I need the lines below from the one with "2016 Wacker Neuson" down to the one with "Best Diablo 4 Gold & Items Online" reproduced exactly, both ends included, and nothing else.

» **Raw data**:
--------------------------------------------------
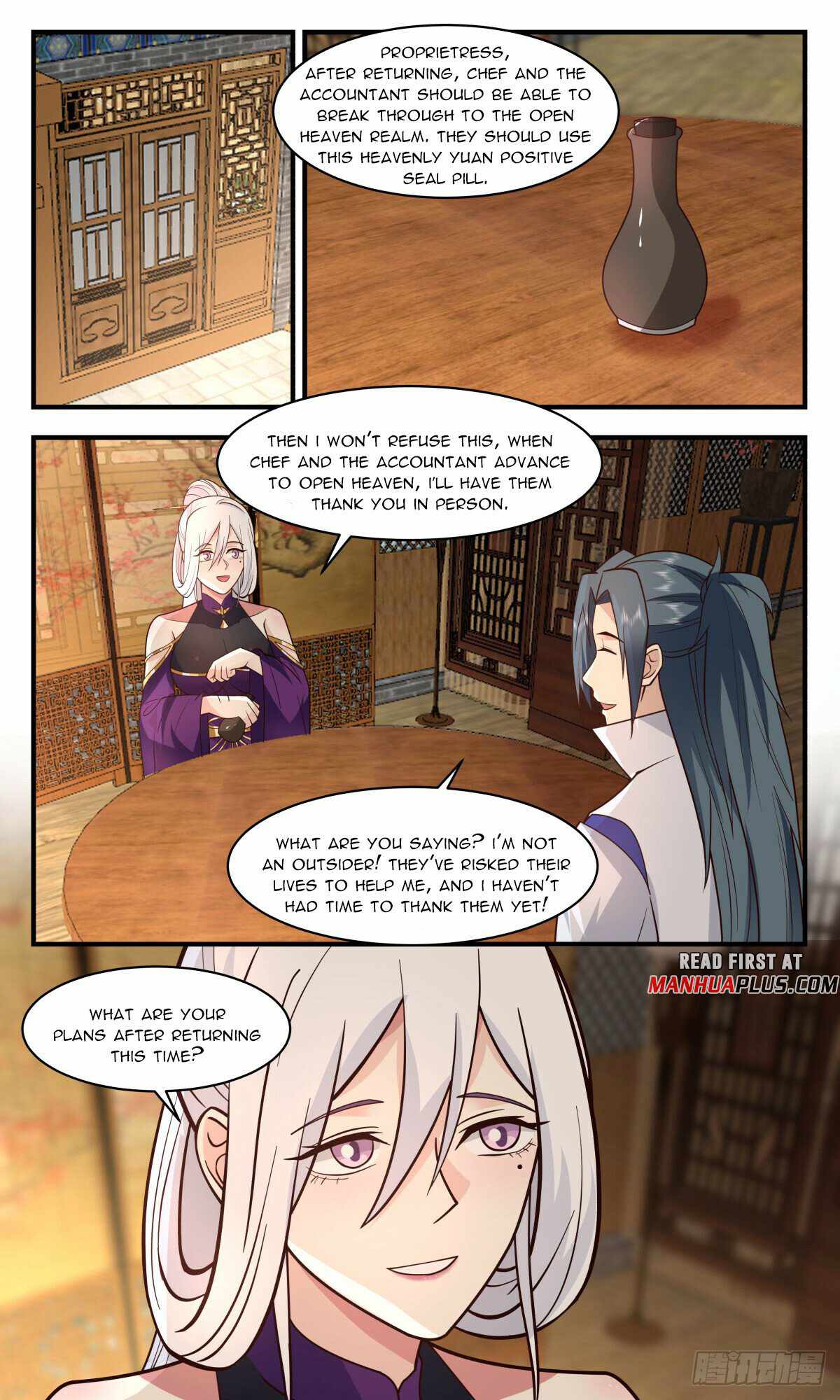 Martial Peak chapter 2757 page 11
--------------------------------------------------
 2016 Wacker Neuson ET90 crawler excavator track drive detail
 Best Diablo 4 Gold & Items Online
--------------------------------------------------
» **Output of the exercise**:
 2016 Wacker Neuson ET90 crawler excavator track drive detail
 Best Diablo 4 Gold & Items Online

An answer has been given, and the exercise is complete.